- **Exercise**:
Restate word for word the lines in the listing below, starting at the line containing "Date added=Feb 20, 2019" and ending at the line containing "On the Milan Lucic trade (Flames)", both included; leave out the rest.

- **Records**:
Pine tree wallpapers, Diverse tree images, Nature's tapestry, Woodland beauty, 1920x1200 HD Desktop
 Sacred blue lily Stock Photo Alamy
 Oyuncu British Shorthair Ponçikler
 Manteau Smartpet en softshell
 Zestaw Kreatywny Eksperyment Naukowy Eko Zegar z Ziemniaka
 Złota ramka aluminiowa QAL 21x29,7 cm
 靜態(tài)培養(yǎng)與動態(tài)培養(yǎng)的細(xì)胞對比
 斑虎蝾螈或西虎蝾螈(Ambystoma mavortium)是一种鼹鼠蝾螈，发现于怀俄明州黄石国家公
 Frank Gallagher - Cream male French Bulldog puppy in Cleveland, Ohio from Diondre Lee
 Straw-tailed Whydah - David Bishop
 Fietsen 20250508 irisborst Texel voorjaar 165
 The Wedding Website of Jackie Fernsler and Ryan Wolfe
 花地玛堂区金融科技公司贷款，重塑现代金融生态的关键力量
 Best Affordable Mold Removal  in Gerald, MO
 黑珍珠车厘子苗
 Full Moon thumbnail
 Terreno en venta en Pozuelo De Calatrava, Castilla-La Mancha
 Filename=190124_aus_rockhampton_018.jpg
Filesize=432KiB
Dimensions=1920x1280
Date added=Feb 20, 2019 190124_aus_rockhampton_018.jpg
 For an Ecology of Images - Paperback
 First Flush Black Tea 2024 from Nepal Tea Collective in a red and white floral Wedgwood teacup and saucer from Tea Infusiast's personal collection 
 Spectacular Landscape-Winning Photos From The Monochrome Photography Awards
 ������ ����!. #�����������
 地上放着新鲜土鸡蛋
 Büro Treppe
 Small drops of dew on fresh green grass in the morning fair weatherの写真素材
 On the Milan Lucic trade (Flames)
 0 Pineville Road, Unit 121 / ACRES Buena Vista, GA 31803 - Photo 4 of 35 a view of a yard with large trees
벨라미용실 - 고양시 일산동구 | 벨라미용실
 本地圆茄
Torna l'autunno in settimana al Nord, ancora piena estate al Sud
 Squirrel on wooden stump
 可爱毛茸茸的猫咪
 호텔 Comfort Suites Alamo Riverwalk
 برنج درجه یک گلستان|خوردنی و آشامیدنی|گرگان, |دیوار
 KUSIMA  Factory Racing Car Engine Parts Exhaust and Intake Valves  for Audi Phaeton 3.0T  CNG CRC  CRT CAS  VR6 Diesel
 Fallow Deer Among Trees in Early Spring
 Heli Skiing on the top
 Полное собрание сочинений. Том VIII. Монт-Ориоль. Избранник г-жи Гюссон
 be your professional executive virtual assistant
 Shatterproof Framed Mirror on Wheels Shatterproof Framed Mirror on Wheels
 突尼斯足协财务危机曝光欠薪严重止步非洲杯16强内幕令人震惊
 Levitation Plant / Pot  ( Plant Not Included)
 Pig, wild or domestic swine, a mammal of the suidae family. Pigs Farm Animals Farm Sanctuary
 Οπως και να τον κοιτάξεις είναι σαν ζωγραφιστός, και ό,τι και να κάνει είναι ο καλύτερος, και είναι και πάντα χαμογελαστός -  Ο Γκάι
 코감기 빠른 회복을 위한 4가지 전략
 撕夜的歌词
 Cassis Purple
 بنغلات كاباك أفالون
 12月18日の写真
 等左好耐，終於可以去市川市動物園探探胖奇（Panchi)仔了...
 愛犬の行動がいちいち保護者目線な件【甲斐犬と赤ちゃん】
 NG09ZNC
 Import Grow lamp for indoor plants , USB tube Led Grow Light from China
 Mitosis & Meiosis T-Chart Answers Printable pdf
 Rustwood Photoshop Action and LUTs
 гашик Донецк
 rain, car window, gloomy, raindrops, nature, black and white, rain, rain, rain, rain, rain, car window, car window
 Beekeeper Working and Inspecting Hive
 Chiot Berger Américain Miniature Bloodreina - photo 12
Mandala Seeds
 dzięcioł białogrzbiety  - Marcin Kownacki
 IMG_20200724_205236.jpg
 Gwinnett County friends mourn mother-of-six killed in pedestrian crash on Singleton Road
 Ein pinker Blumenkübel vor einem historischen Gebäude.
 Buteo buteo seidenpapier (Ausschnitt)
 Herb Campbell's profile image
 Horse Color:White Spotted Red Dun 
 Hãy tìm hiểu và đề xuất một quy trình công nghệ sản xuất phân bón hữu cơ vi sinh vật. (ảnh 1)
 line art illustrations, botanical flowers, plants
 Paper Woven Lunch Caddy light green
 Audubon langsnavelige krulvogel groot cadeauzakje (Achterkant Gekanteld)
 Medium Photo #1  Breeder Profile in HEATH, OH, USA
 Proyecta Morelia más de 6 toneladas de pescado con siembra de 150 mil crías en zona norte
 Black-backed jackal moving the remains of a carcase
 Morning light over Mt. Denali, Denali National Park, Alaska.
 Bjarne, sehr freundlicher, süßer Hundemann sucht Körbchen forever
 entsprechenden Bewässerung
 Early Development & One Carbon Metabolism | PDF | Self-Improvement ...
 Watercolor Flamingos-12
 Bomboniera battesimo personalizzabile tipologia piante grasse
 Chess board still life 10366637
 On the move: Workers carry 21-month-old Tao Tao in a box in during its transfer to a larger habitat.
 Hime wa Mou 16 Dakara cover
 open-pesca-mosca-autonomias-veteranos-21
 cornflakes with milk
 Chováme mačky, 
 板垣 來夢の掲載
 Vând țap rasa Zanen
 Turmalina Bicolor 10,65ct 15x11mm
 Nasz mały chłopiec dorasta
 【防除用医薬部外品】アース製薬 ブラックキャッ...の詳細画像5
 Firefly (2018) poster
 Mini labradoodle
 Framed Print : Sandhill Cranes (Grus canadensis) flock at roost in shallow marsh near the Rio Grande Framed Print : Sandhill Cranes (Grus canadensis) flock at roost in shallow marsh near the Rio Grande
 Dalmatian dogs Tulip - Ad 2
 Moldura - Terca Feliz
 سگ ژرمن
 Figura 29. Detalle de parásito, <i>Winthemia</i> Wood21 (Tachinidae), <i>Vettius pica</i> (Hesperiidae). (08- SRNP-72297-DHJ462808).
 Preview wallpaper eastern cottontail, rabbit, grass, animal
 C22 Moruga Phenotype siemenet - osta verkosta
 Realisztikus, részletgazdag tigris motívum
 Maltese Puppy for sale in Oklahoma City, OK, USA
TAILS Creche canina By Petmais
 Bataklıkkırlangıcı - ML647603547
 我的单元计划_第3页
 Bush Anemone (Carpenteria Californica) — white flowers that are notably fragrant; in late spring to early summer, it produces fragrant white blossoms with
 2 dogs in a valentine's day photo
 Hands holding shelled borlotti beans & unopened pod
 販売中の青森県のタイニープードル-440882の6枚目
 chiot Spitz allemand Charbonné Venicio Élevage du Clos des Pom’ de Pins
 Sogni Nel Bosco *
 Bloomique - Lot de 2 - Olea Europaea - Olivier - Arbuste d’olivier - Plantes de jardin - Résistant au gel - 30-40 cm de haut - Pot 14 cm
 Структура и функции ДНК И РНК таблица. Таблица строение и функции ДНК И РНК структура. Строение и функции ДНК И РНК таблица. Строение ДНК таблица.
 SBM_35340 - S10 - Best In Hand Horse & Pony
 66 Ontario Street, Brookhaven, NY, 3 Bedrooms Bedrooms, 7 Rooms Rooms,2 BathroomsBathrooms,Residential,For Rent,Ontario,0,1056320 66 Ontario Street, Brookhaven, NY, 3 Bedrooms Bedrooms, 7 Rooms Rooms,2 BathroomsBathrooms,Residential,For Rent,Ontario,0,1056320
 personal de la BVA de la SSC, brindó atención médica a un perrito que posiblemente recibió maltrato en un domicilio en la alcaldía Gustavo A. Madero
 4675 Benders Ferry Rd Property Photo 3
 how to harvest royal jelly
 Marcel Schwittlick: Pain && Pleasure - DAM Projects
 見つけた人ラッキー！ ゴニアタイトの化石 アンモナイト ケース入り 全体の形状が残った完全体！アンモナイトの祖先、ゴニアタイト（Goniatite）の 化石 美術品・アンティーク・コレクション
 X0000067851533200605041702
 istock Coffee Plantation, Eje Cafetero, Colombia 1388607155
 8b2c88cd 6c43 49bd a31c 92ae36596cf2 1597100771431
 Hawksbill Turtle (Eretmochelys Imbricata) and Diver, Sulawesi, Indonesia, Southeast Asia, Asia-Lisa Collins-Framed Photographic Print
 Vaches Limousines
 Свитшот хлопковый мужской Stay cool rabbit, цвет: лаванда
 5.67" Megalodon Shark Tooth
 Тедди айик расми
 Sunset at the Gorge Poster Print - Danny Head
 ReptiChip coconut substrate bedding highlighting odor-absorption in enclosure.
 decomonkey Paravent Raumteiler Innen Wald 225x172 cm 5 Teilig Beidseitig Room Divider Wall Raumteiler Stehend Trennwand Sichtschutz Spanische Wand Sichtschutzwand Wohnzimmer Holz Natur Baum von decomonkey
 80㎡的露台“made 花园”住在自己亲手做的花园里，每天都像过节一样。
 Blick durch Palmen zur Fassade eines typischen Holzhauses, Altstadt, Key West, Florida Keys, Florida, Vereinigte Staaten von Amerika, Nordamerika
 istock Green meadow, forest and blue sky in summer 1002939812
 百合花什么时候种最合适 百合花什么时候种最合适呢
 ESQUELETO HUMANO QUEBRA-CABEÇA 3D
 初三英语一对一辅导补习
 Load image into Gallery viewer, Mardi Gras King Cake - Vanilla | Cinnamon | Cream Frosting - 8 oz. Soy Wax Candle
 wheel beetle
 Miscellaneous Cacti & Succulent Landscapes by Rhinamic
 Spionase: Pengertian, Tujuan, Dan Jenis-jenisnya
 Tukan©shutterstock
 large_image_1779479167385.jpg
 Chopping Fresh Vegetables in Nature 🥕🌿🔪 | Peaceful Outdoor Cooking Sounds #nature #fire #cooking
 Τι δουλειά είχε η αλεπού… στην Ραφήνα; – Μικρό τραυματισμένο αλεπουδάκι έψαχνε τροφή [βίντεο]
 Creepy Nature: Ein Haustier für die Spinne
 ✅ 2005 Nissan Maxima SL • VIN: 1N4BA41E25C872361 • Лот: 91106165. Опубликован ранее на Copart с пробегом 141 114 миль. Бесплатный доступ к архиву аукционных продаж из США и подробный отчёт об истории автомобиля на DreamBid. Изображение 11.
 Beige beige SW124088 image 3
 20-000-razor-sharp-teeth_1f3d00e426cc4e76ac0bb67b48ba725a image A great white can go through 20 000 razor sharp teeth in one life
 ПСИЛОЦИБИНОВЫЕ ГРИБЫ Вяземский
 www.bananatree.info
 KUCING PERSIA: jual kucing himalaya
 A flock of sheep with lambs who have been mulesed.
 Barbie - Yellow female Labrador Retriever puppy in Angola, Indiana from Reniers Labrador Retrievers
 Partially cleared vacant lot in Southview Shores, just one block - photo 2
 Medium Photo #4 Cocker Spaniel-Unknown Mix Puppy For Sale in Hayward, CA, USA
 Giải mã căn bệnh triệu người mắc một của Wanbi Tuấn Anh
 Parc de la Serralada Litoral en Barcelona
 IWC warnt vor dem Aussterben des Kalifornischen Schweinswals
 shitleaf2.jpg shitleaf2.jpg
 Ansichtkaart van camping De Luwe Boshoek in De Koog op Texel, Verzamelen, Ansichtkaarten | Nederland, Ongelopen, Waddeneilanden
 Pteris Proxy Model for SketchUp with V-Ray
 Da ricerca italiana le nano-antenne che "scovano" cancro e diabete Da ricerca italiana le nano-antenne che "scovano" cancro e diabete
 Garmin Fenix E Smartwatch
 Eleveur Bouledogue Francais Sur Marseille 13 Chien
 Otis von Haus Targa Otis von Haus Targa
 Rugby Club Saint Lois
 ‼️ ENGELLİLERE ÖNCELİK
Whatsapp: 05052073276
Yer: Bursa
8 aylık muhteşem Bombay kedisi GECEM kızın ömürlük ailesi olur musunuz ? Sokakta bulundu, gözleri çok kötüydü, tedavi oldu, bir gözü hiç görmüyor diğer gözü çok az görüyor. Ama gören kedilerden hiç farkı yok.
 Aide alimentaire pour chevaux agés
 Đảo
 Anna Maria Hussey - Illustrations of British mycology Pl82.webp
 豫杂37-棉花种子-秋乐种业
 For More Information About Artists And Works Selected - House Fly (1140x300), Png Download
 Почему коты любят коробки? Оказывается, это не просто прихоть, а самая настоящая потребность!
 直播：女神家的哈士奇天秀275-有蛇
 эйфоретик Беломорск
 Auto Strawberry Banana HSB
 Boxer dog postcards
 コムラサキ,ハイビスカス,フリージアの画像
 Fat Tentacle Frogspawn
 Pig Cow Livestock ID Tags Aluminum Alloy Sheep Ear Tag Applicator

- **Solution to this exercise**:
Date added=Feb 20, 2019 190124_aus_rockhampton_018.jpg
 For an Ecology of Images - Paperback
 First Flush Black Tea 2024 from Nepal Tea Collective in a red and white floral Wedgwood teacup and saucer from Tea Infusiast's personal collection 
 Spectacular Landscape-Winning Photos From The Monochrome Photography Awards
 ������ ����!. #�����������
 地上放着新鲜土鸡蛋
 Büro Treppe
 Small drops of dew on fresh green grass in the morning fair weatherの写真素材
 On the Milan Lucic trade (Flames)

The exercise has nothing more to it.